INSTRUCTIONS FOR THE TASK -> The answer must be an exact copy of the lines from the one with "Old Weller, Kentucky" to the last line of the entries below, both included, and must contain no pictures.

SUPPLIED RECORDS below:

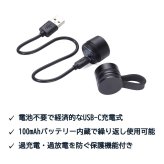 TROIKA トロイカ 懐中電灯 ライト スポーツライト トーチ 点滅ライト 充電式 エコラン ブラック ブルー レッド チタン 高級 高品質 ギフト プレゼント 鍵 メンズ レディース マットシルバー 記念 誕生日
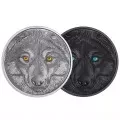 2017 Canadian $15 In The Eyes of the Wolf - Fine Silver Coin (Glow-In-The-Dark)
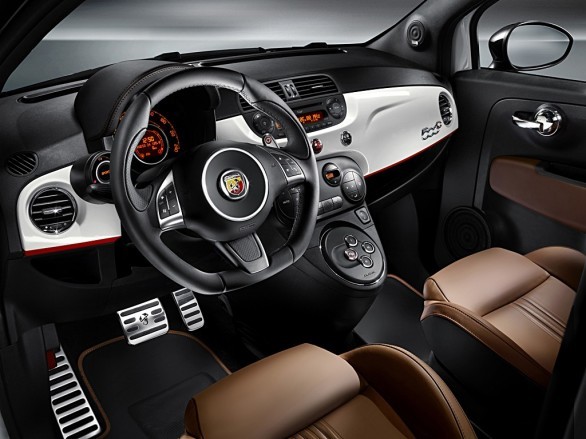 Abarth 500C e Abarth Punto Evo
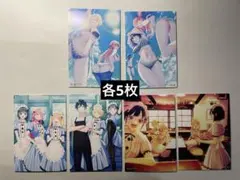女神のカフェテラス 特典 イラストカード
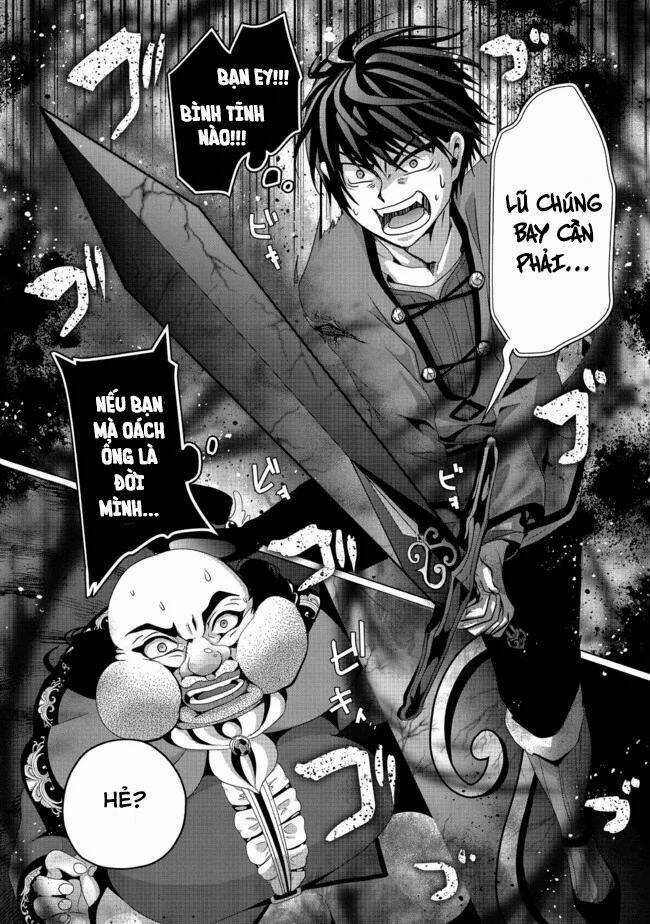 Huyền Thoại Về Thánh Kiếm Giả Mạo Chapter 6 trang 7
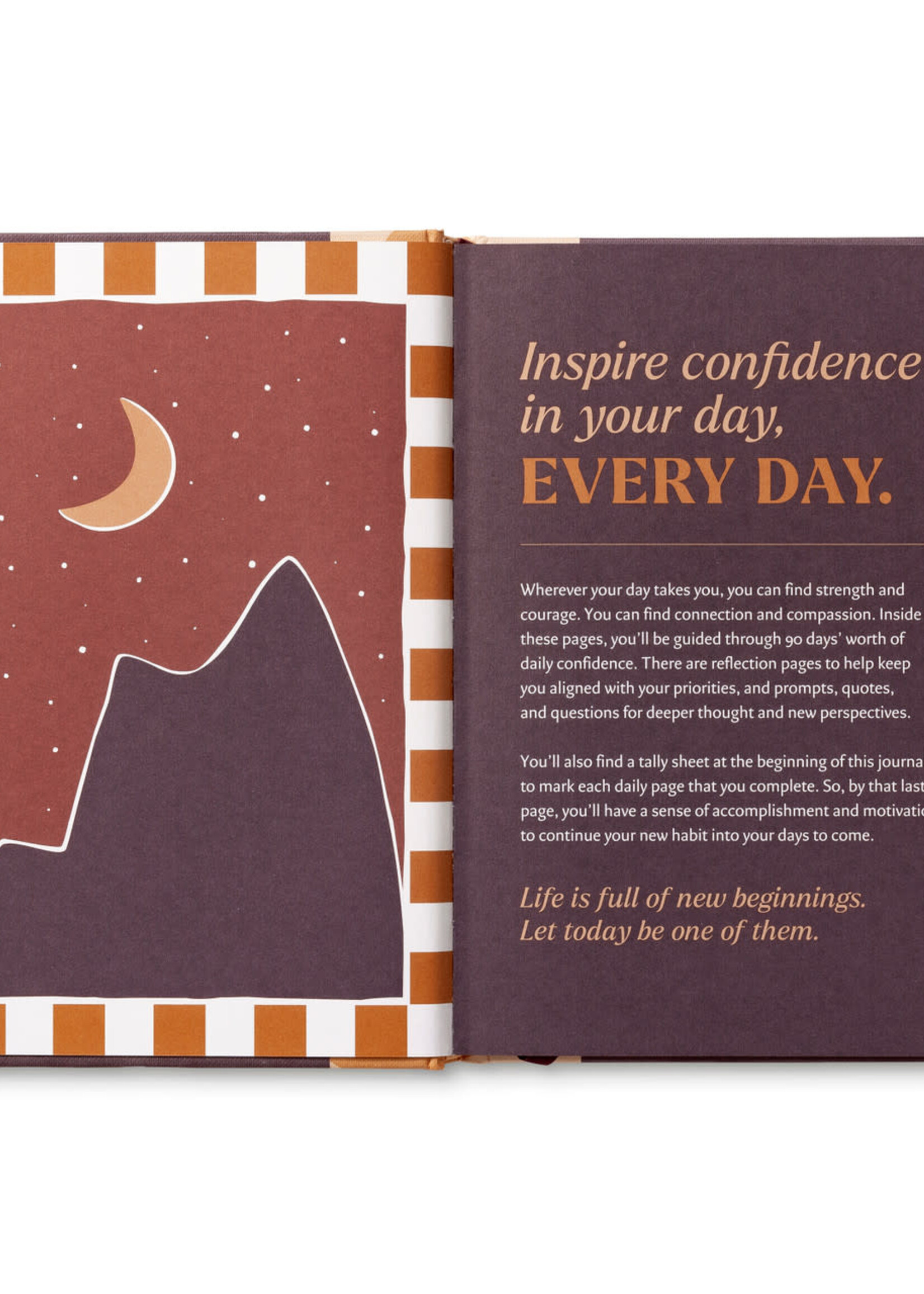 Compendium Guided Journal ~ Confidence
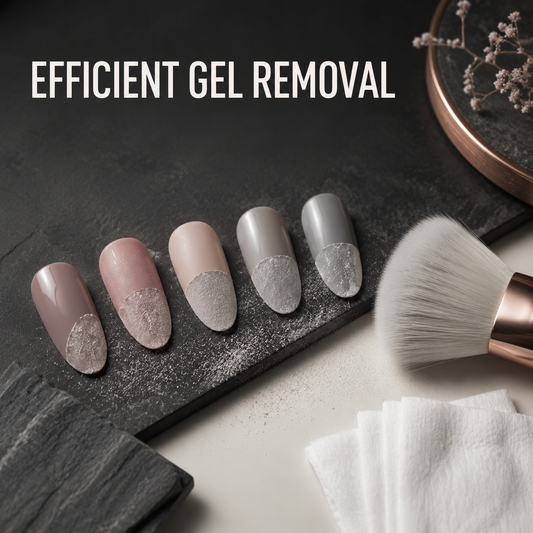 ACOS Bit001 benefit graphic for efficient gel removal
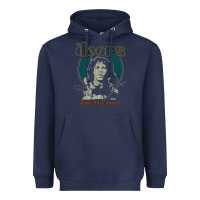 Navy the doors live in concert Heavyweight Hoodie - artisFamous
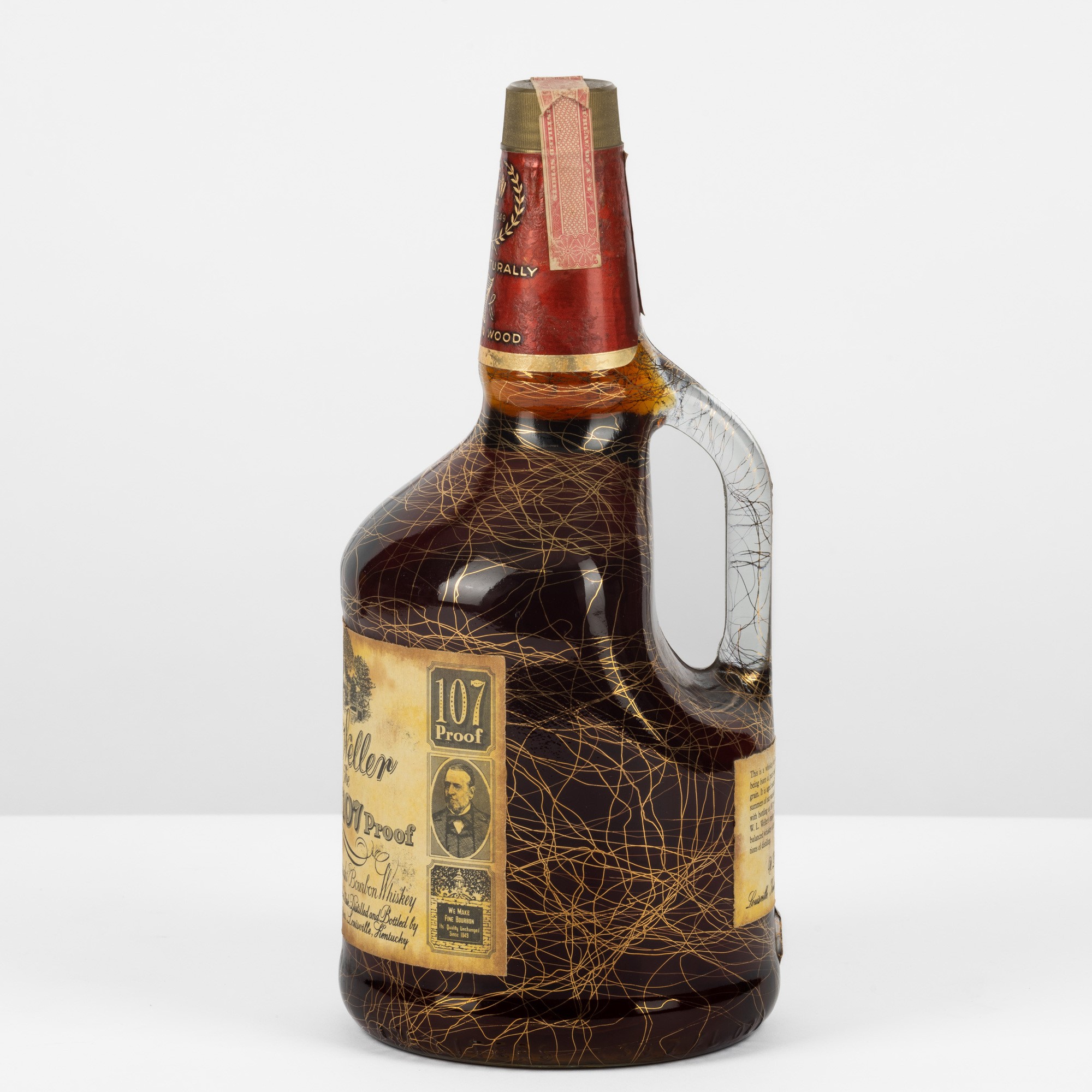 Old Weller, Kentucky Straight Bourbon Whiskey 7 Years 1979, 53.5% Vol. - 175 cl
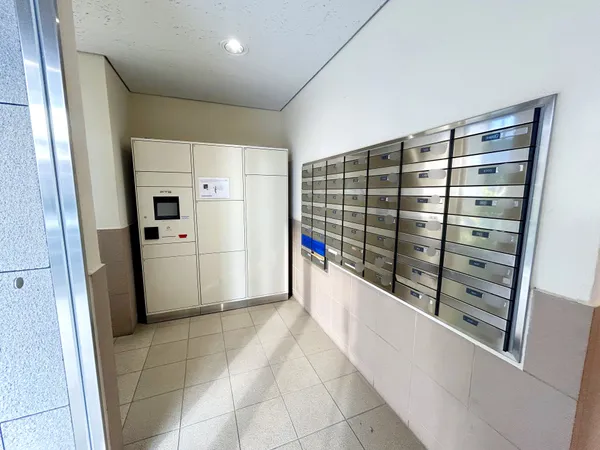 メールボックス、宅配ボックス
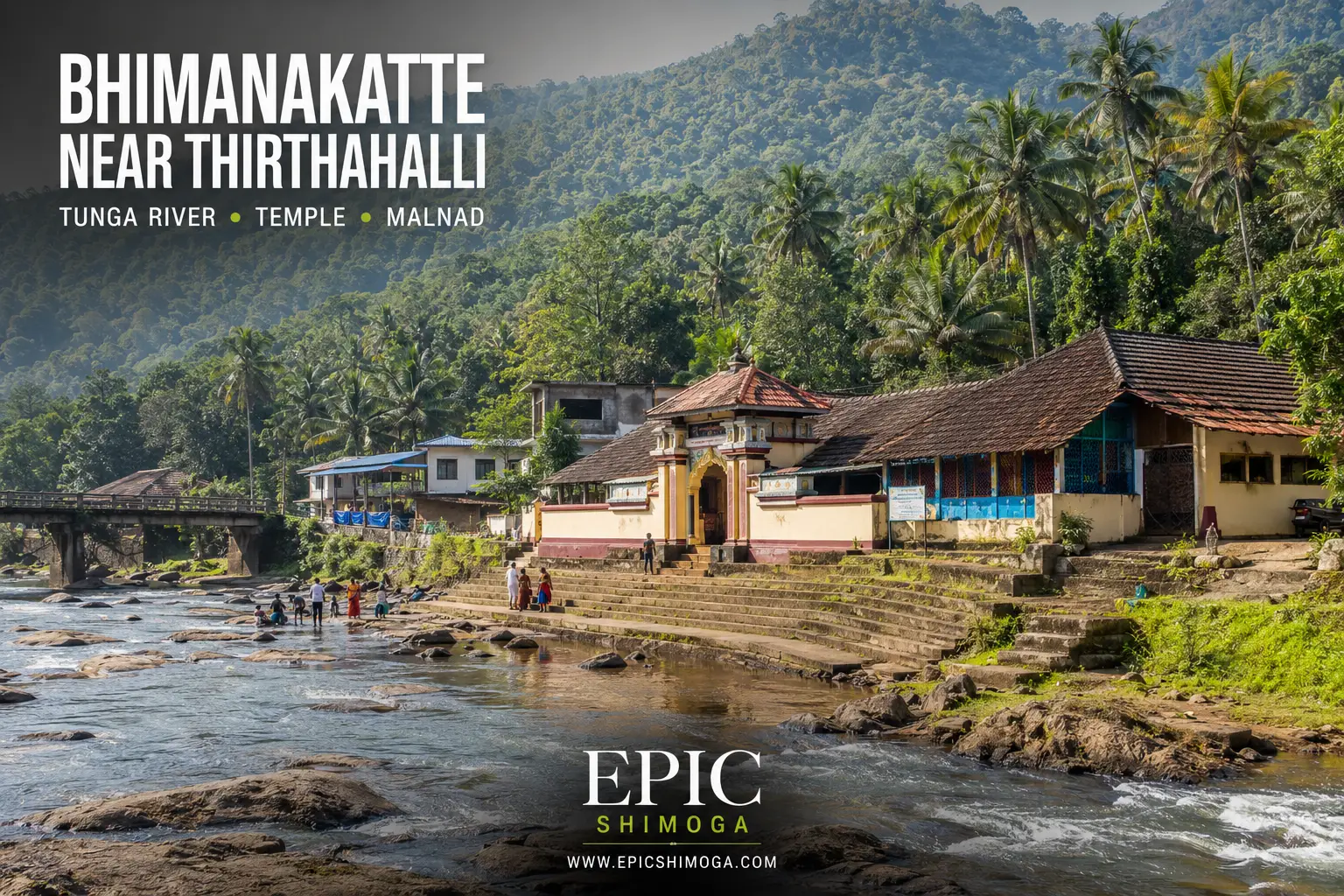 Bhimanakatte Near Thirthahalli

End of SUPPLIED RECORDS.

ANSWER AREA ->
 Old Weller, Kentucky Straight Bourbon Whiskey 7 Years 1979, 53.5% Vol. - 175 cl
 メールボックス、宅配ボックス
 Bhimanakatte Near Thirthahalli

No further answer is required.